*** Opening of SUPPLIED MATERIAL ***
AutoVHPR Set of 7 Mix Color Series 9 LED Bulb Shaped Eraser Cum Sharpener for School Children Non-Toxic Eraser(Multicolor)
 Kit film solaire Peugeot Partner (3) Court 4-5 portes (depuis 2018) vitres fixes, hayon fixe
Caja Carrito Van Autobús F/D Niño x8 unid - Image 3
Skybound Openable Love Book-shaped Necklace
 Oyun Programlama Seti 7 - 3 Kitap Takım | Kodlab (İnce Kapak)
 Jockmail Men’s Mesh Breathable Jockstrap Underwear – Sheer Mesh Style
*** Close of SUPPLIED MATERIAL ***
### PROBLEM DESCRIPTION
The records above should be repeated in full, exactly as given.

### SOLUTION FOR THIS EXERCISE
AutoVHPR Set of 7 Mix Color Series 9 LED Bulb Shaped Eraser Cum Sharpener for School Children Non-Toxic Eraser(Multicolor)
 Kit film solaire Peugeot Partner (3) Court 4-5 portes (depuis 2018) vitres fixes, hayon fixe
Caja Carrito Van Autobús F/D Niño x8 unid - Image 3
Skybound Openable Love Book-shaped Necklace
 Oyun Programlama Seti 7 - 3 Kitap Takım | Kodlab (İnce Kapak)
 Jockmail Men’s Mesh Breathable Jockstrap Underwear – Sheer Mesh Style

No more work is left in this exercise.